Le metteur en scène français Hubert Colas est de retour à Montréal pour nous présenter une trilogie de Martin Crimp: Face au mur. Une oeuvre décapante qui décrit trois états de crise de notre monde contemporain avec une dérision tout anglaise.

En 2012, à l'invitation de la directrice artistique de l'Usine C, Danièle de Fontenay, Hubert Colas a présenté sa pièce Kolik. Une performance solo écrite par l'Allemand Rainald Goetz, qui prend la forme d'une longue confession où un homme vide les verres tout en criant sa révolte.

L'accueil enthousiaste du public montréalais a incité l'homme de théâtre établi à Marseille à revenir.

«Ç'a été une belle rencontre pour moi, nous dit le metteur en scène. C'était la première fois que je venais à Montréal. J'ai aimé le contact avec les artistes que j'ai rencontrés; j'ai senti une curiosité et une écoute à l'égard de mon travail. Avec Danièle, on a eu envie de continuer à travailler ensemble.»

Lorsque Danièle de Fontenay lui a demandé ce qu'il pourrait présenter, Hubert Colas a tout de suite pensé au dramaturge anglais Martin Crimp, dont il a créé la trilogie Face au mur, en 2006. En fait, Crimp avait écrit deux courtes formes, Face au mur et Tout va mieux. Le troisième volet, Ciel bleu ciel, a été écrit à la demande d'Hubert Colas.

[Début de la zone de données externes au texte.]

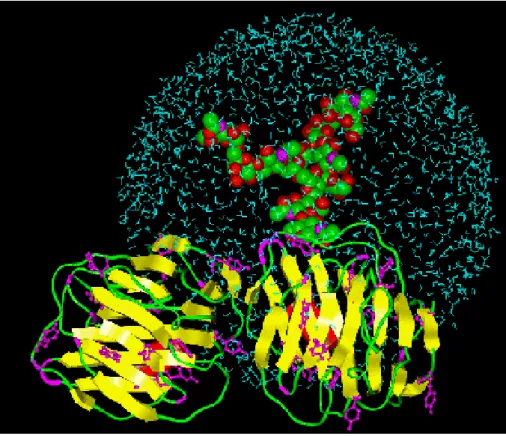 Abbildung 1: 3D-Darstellung eines glykosilierten Proteins (Die Glykosylierung ist solvatisiert)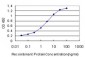 PCNA Antibody (monoclonal) (M04)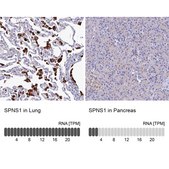 Anti-SPNS1 antibody produced in rabbit Prestige Antibodies&#174; Powered by Atlas Antibodies, affinity isolated antibody, buffered aqueous glycerol solution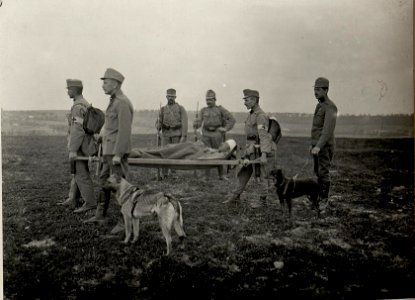 Sanitäts Patrouille mit Sanitätshunden. Aufgenommen am 12. V. 1916. BUCZACZ. (BildID 15537514)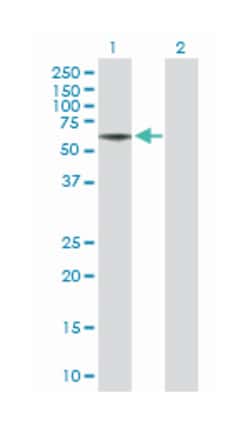 RTN4R, Mouse, Purified MaxPab Polyclonal Antibody, Abnova 50&mu;g; Unlabeled:Antibodies,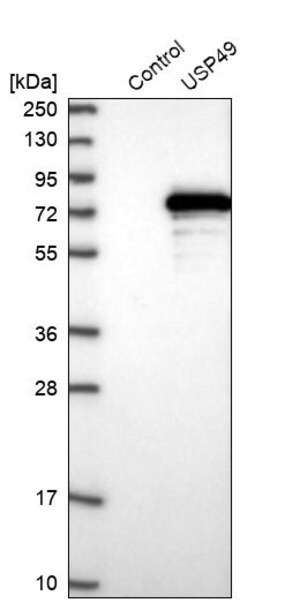 Merck Anti-USP49 antibody produced in rabbit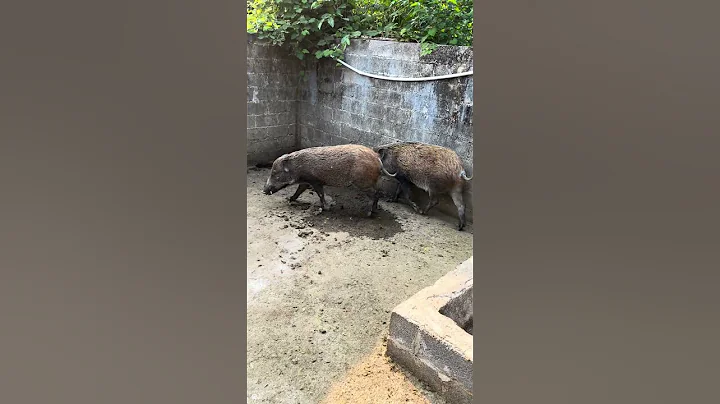 Amazing Wild Boar Farm 🐗 #warthog #pig #boar #viral #animal #wildpig #wildboar #wildlife #farmlife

«J'ai adoré les deux premiers textes, mais je trouvais que c'était un peu court pour faire un spectacle entier. C'est moi qui lui ai demandé de faire un troisième texte. Martin a donc écrit Ciel bleu ciel pour clore la série. Et Face au mur est devenu le nom générique de la trilogie.»

Histoire d'un couple

Le hasard a fait que Martin Crimp a décidé de commencer sa trilogie par ce dernier volet, qui s'intéresse à l'histoire d'un couple.

«Martin Crimp décrit cet état de crise comme le «contentement de soi», précise Hubert Colas. Dans ce cas, la jeune fille mariée très jeune reste confinée dans son état. La crise est révélée par une voix intérieure qui lui indique que cet état de contentement est aussi une forme de renoncement. Comme si elle oubliait une partie de qui elle était...»

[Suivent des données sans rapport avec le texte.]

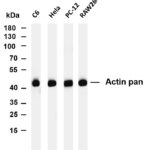 Actin pan Rabbit Monoclonal Antibody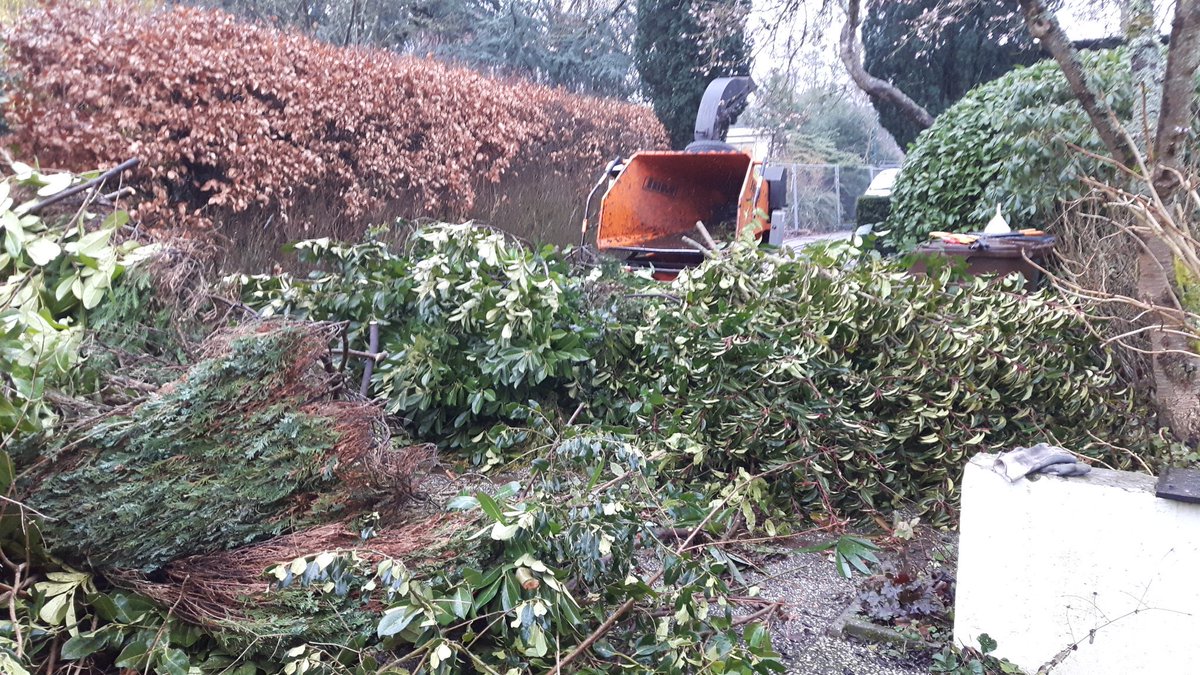 Gister maar een snipperdag genomen.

La deuxième crise, Face au mur, est davantage d'ordre politique, résume Hubert Colas. Crimp y parle d'une crise de l'irraisonné.

«Crimp s'interroge sur les mécanismes qui font qu'un individu, à un moment donné dans la société, par rapport à ce qu'il a vécu dans sa vie, d'un seul coup, va tuer et agir en assassin, notamment dans un lieu public. Crimp cherche les raisons qui poussent certaines personnes à exécuter ces projets.»

Le troisième volet, Tout va mieux, clôt la trilogie non pas sur une note d'espoir, comme le titre pourrait le laisser croire, mais une note d'humour noir.

«Dans cette dernière partie, les nantis, ceux qui ont le plus de moyens et qui sont les mieux protégés dans la société, se révoltent contre les pauvres et les laissés-pour-compte, de manière à ce qu'ils disparaissent. Il y a un humour mordant et incisif, typiquement anglais, estime Hubert Colas. C'est très satirique.»

Il y a un fil rouge dans les trois pièces de Crimp, qui passe par le regard d'un enfant. Il s'agit du cinquième personnage de la pièce.

«À un moment donné, les adultes rencontrent le regard d'un enfant et s'interrogent sur leur rapport au monde et aux émotions, nous dit le metteur en scène. Comme pour prendre conscience de leur innocence perdue.»

Improvisation

Pas de quatrième mur dans ces pièces de Martin Crimp, où les acteurs s'adressent directement au public.

«Dans cette trilogie, Crimp renonce à la notion de personnages et met l'écriture au-devant de la narration en éliminant l'identité de ceux qui parlent. Dans ce biais-là, il crée un rapport où l'écriture, au moment de la représentation, semble en train de se faire. Comme si les acteurs étaient en improvisation.»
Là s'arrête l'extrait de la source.